Once the initial chunk of data loads the rest load almost instantly on Chrome. Can you please fix the GitHub link (current 404) would like to peak at the code. Thank you!

coder543•22m ago
Works fine for me on Firefox on macOS
layer8•32m ago
Apparently the comment counts are only the top-level comments?

It would be nice for the thread pages to show a comment count.

dspillett•29m ago
Is there a public dump of the data anywhere that this is based upon, or have they scraped it themselves?

Such as DB might be entertaining to play with, and the threadedness of comments would be useful for beginners to practise efficient recursive queries (more so than the StackExchange dumps, for instance).

thomasmarton•18m ago
While not a dump per se, there is an API where you can get HN data programmatically, no scraping needed.

https://github.com/HackerNews/API

abetusk•11m ago
Alas, HN does not belong to us, and the existence of projects like this are subject to the whims of the legal owners of HN.

From the terms of use [0]:

"""

Commercial Use: Unless otherwise expressly authorized herein or in the Site, you agree not to display, distribute, license, perform, publish, reproduce, duplicate, copy, create derivative works from, modify, sell, resell, exploit, transfer or upload for any commercial purposes, any portion of the Site, use of the Site, or access to the Site.
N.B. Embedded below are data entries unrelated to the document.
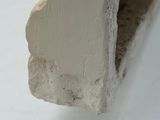a close up of a piece of wood sticking out of a wall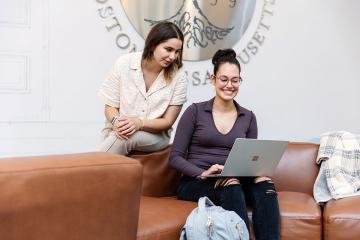 Two Simmons students looking at a laptop while seated in a student lounge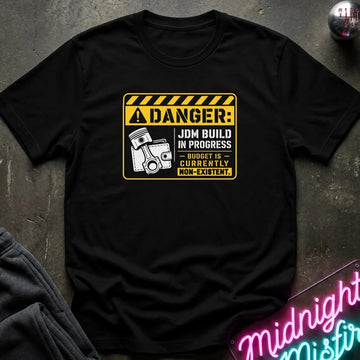 A black short-sleeve graphic T-shirt laid flat on a dark textured surface. The shirt features a yellow and black warning-sign style print with the text 'DANGER: JDM BUILD IN PROGRESS BUDGET IS CURRENTLY NON-EXISTENT.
The buying, exchanging, selling and/or promotion (commercial or otherwise) of upvotes, comments, submissions, accounts (or any aspect of your account or any other account), karma, and/or content is strictly prohibited, constitutes a material breach of these Terms of Use, and could result in legal liability.

"""

[0] https://www.ycombinator.com/legal/#tou

m-p-3•4m ago
Looks like the repo was taken down (404).